Tutto ciò si è trasformato e ci viene riportato in un album/taccuino di 33 pagine di carta d’India dipinte ad acquarello che trascrivono lo sguardo di una fantasmatica Malayka, crudelmente trasportata e morta in quest’avventura fatale all’inizio della sua ultima primavera, in una probabile sequenza che riproduce il drammatico percorso durato quattordici interminabili giorni di andata e ritorno dalla costa libica verso il tragico epilogo.

Ferruccio Orioli, Abbandonati tra mare e cielo – La casa di vetro

Altri dodici acquarelli, viste del mare e dell’orizzonte dal natante alla deriva in giornate e ore diverse sono poggiati ciascuno sul fondo di una scatola chiusa da un vetro su cui sono disegnati con scientifica accuratezza l’orientamento del maledetto gommone in quell’istante e la posizione geografica sull’intero tracciato della rotta del naufragio. Paesaggi marini deserti, composizioni in cui la splendida luminosità dei colori è il controcanto del monito alla memoria imposto dai gelidi appunti meteogeografici.

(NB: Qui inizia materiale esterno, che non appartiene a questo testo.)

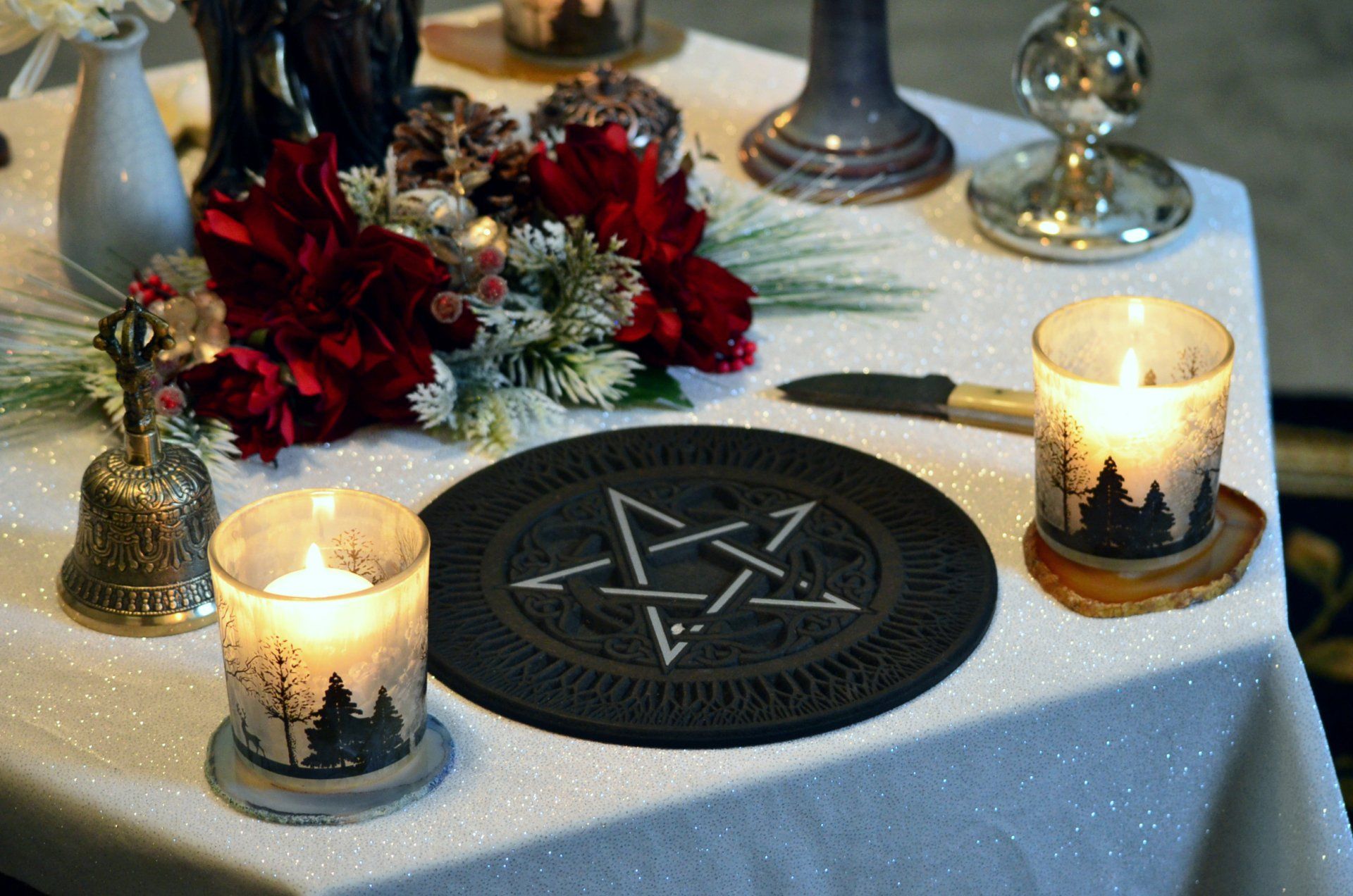 a Wiccan altar with candles, pentagram and flowers on it.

E la scelta del luogo dell’esposizione è un ulteriore sottotesto: un centro di accoglienza per bambini e adolescenti in condizioni di disagio sociale ed economico residenti nel cuore di Forcella e in aree dalle simili caratteristiche di storica criticità socio-economica, sorto per l’azione volontaria dell’Associazione Amici di Carlo Fulvio Velardi Onlus con il sostegno dell’Altra Napoli onlus.
Le donazioni offerte in cambio del catalogo delle tre mostre e parte del ricavato della vendita delle opere saranno destinate al sostegno delle attività dell’Associazione.
Non appare casuale quindi che i dodici acquerelli, paesaggi marini immobili e rarefatti, siano allestiti come un fregio al disotto di un nastro di finestre che guardano le facciate degli edifici di fronte, brulicanti di una vitalità al difuori del tempo e senza una specificità che non sia una pronunciata aura arabo-mediterranea. E così si riaccende la speranza della prospettiva di una possibile comunicazione e integrazione.
Questo capitolo finale rende pressante l’esigenza di ricomporre in un unico contesto espositivo la diversificata produzione artistica finora vista separatamente per meglio comprendere la complessità del messaggio etico-politico ed emotivo che la permea.